Institute of Cemetery and Crematorium Management chief executive Tim Morris says a crisis is looming, even though most British people choose cremation.

"Two London boroughs - Tower Hamlets and Hackney - have ceased providing a burial service," he says.

"Residents have to go to neighbouring boroughs."

Mr Morris says Britain's cities are feeling the strain first, but so are leafier parts of the country.

"Local authorities have to try to find land for new cemeteries, which is expensive, while still covering the maintenance costs of older cemeteries."

Recycle plots

Dr Julie Rugg, from York University's Cemetery Research Group, says burying a body far away from relatives can cause problems.

"There will be issues if people want to visit the grave frequently, but have to travel far.

"Then there's the issue of people being unable to be buried with other family members because there's no space - splitting up family graves."

A 2013 survey indicated nearly half of England's cemeteries could run out of space within the next 20 years.

Image source, Getty Images
Image caption,

Venice's lagoon cemetery is over-subscribed

One solution is to recycle plots by removing remains from older graves, burying them deeper in the same grave and then reusing the space on top for a new body.

Other countries in Europe, such as Germany, simply reuse the same grave space after several years.

Families in Spain and Greece, meanwhile, rent a "niche", an above-ground crypt where bodies lie for several years.

When they have decomposed, the bodies are moved to a communal burial ground, so the niche can be used again.

Venice's San Michele island cemetery is similarly oversubscribed, with bodies removed after they have decomposed.

And Israel has approved the creation of multi-storey underground burial tunnels, despite opposition from some Orthodox Jews.

In more crowded parts of the world, cremation is the norm, but even finding space for an urn can be a challenge.

In Hong Kong, thousands of families store ashes in sacks in funeral homes, while they wait years for a space in either public or private cemeteries.

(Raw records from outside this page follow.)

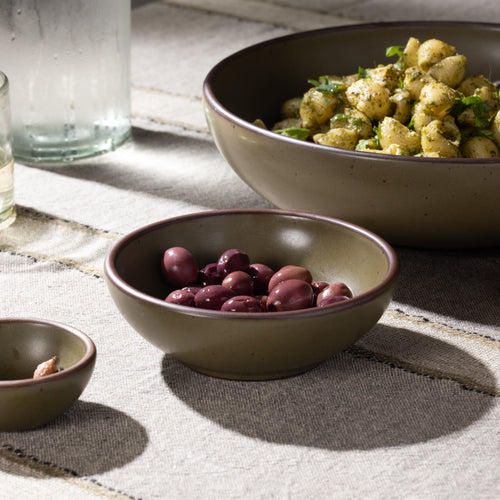 Olive-toned stoneware shallow bowl filled with olives, shown alongside coordinating tableware.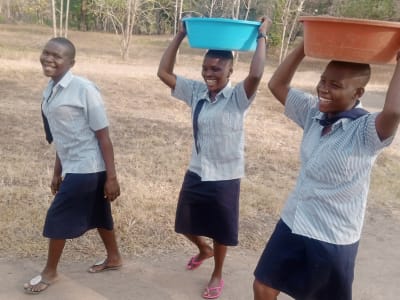 Students carrying water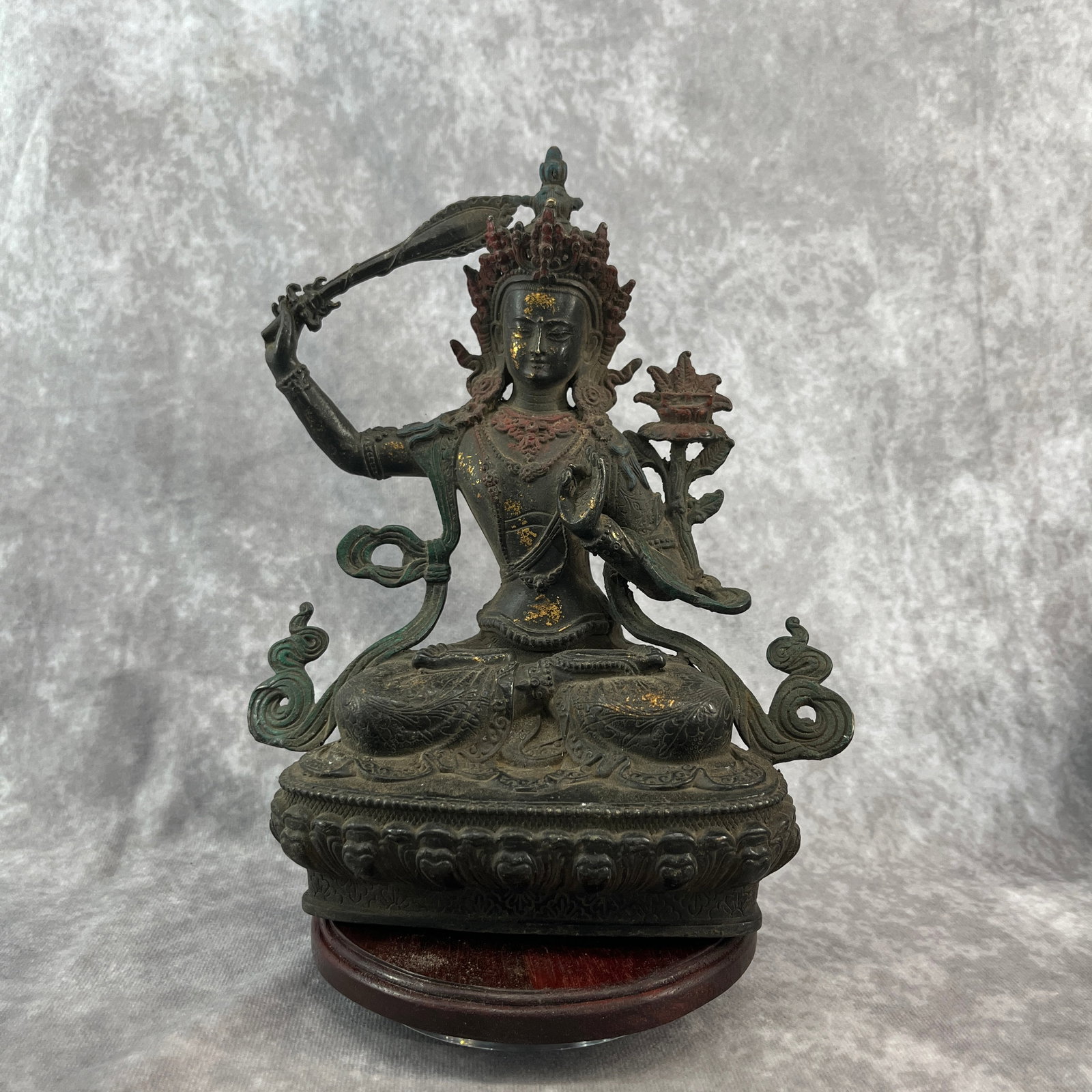 A FINE BRONZE MANJUSHRI STATUE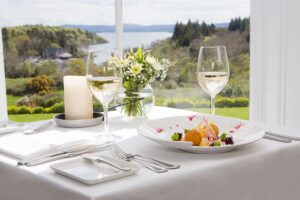 An image of a dining table with a plate of food and a glass of wine in the restaurant at the Lodge at Ashford Castle. 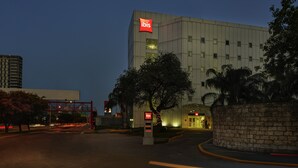 Un edificio moderno con un cartel llamativo de 'ibis', una entrada bien iluminada y un área de estacionamiento con una estructura roja.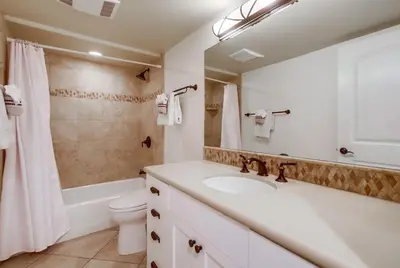 a bathroom with a sink and a toilet and a shower at Ocean Style in San Diego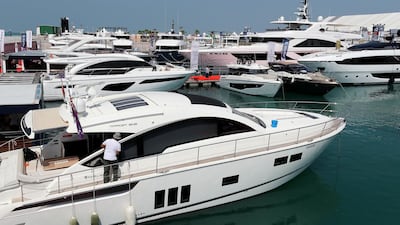 Luxurious yachts line the waters in Dubai. Pawan Singh / The National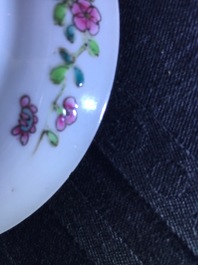 A pair of Chinese famille rose cups and saucers with a cat near a flower basket, Yongzheng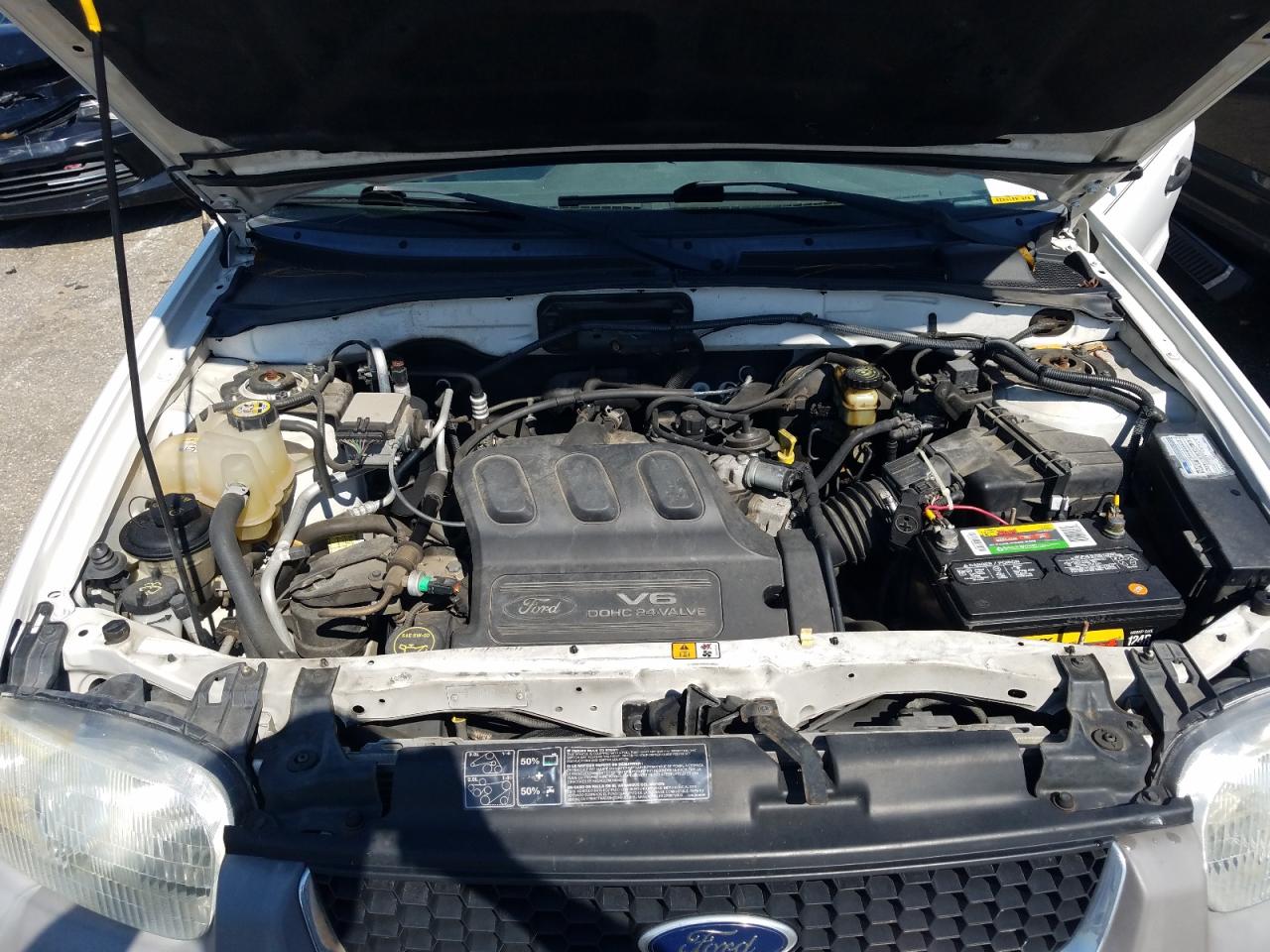 Photo 7 from auction – 2002 FORD ESCAPE XLT with VIN 1FMCU03112KD49046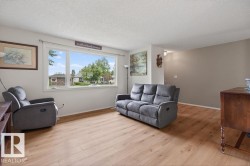 Living area featuring light wood-finish flooring and a large picture window - 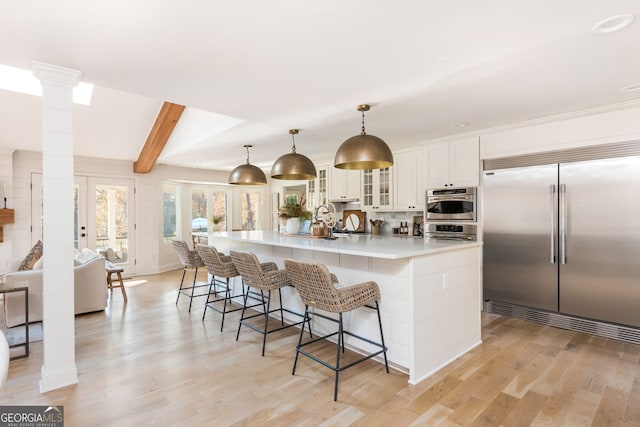 kitchen featuring ornate columns, appliances with stainless steel finishes, pendant lighting, decorative backsplash, and a large island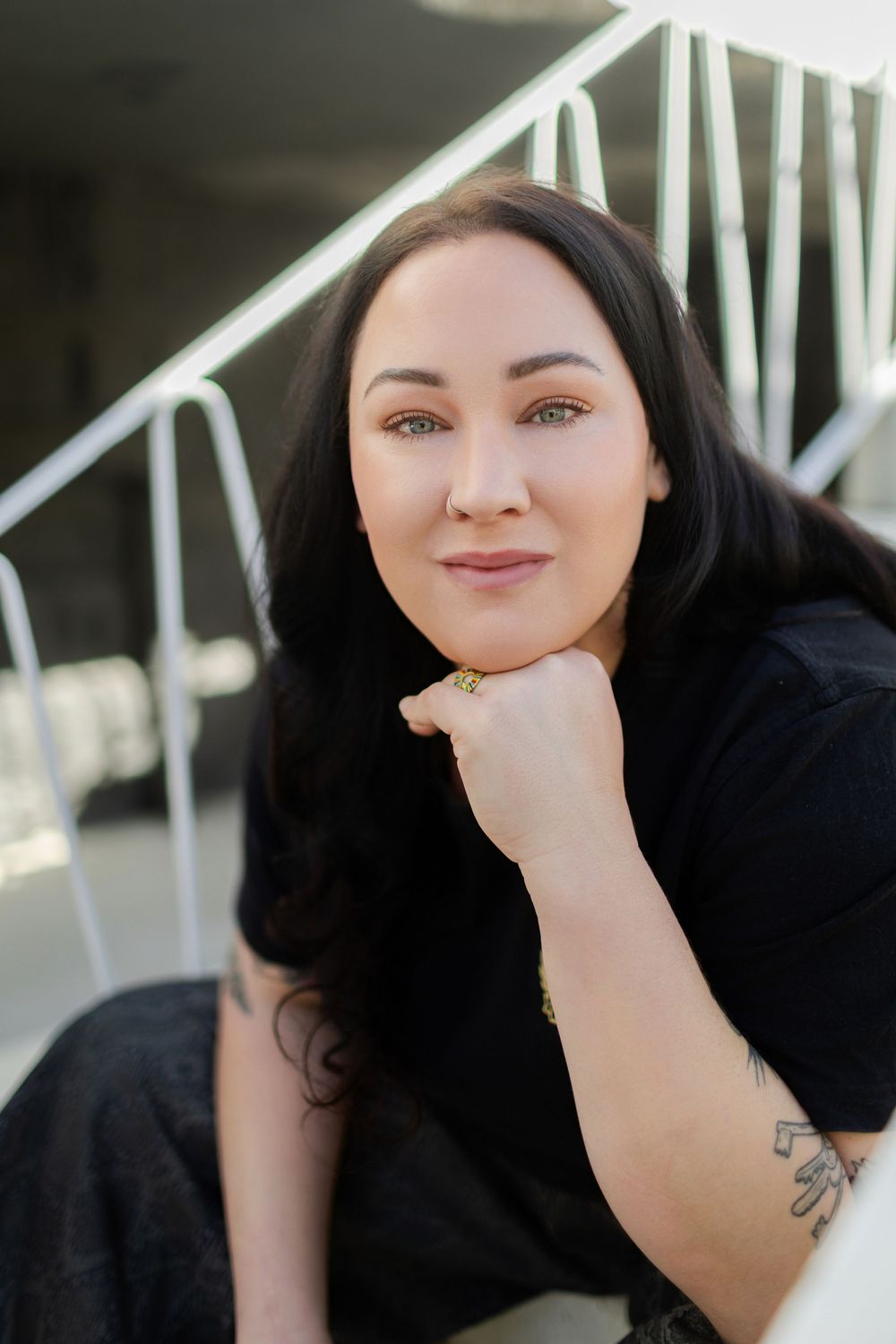Portrait of someone with long dark hair resting their chin on their hand near white stairs outdoors. Contemporary corporate photography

And in Singapore, one private company stores 50,000 urns, which can be automatically retrieved with an electronic card.

In the second-most populous country in the world, India, the majority Hindu population scatter the ashes of the dead after cremation - but Muslims and Christians, who bury bodies, are running out of suitable land.

Image source, Getty Images
Image caption,

A Hindu boy prepares to scatter his father’s ashes in the Ganges

Others regions, such as the US state of Minnesota, are using resomation, dubbed "green cremation".

Mr Morris says: "Resomation is a process where the body is exposed to alkaline, which breaks it down to ash and liquid.

"It's currently not a lawful option in Britain - but Scotland is consulting on the idea."

Resomation

  • Uses a chemical process called alkaline hydrolysis

  • The body is placed in a bag within a metal frame and loaded into a machine filled with a mixture of water and the highly alkaline chemical potassium hydroxide

  • The contents are heated to up to 180C but at high pressure to prevent boiling

  • After about three hours, the body is effectively broken down into its chemical components, leaving bone remains and a sterile liquid

  • The skeletal remains are processed into a white powder, which can be given to the family, like ash from crematoria

  • Proponents of the technique say it significantly reduces the greenhouse gases and mercury emissions associated with traditional cremation

Natural burials, with the dead placed in wicker coffins in a natural forest setting, are also rising in popularity - though they can be expensive.

Meanwhile, a discovery in central London has shown how, in the past, the authorities could take radical action when their options dwindled.

The skeletons of thousands of victims of the Black Death - dating from the 16th Century - are being exhumed and reinterred in a field outside the capital.

So many people died during successive waves of the Black Death that normal burial procedures were overwhelmed and bodies thrown en masse into pits as fast as possible, without any kind of marker or memorial.